Abstract

Purpose: Abiraterone acetate (AA), an inhibitor of cytochrome P450 17alpha-hydroxylase/17, 20 lyase, is an FDA-approved drug for advanced prostate cancer. However, not all patients respond to AA, and AA resistance ultimately develops in patients who initially respond. We aimed to identify AA resistance mechanisms in prostate cancer cells.

Experimental design: We established several AA-resistant cell lines and performed a comprehensive study on mechanisms involved in AA resistance development. RNA sequencing and phospho-kinase array screenings were performed to discover that the cAMP-response element CRE binding protein 1 (CREB1) was a critical molecule in AA resistance development.

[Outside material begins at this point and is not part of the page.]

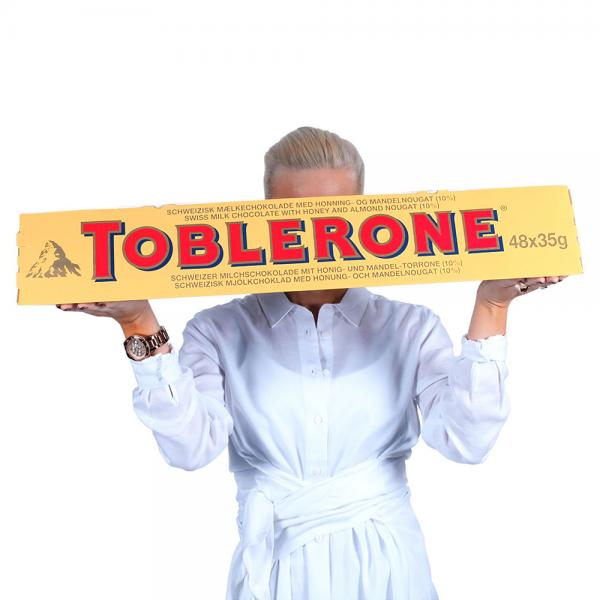 Toblerone Mega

Results: The drug-resistant cell lines are phenotypically stable without drug selection, and exhibit permanent global gene expression changes. The phosphorylated CREB1 (pCREB1) is increased in AA-resistant cell lines and is critical in controlling global gene expression. Upregulation of pCREB1 desensitized prostate cancer cells to AA, while blocking CREB1 phosphorylation resensitized AA-resistant cells to AA. AA treatment increases intracellular cyclic AMP (cAMP) levels, induces kinases activity, and leads to the phosphorylation of CREB1, which may subsequently augment the essential role of the CBP/p300 complex in AA-resistant cells because AA-resistant cells exhibit a relatively higher sensitivity to CBP/p300 inhibitors. Further pharmacokinetics studies demonstrated that AA significantly synergizes with CBP/p300 inhibitors in limiting the growth of prostate cancer cells.

Conclusions: Our studies suggest that AA treatment upregulates pCREB1, which enhances CBP/p300 activity, leading to global gene expression alterations, subsequently resulting in drug resistance development. Combining AA with therapies targeting resistance mechanisms may provide a more effective treatment strategy.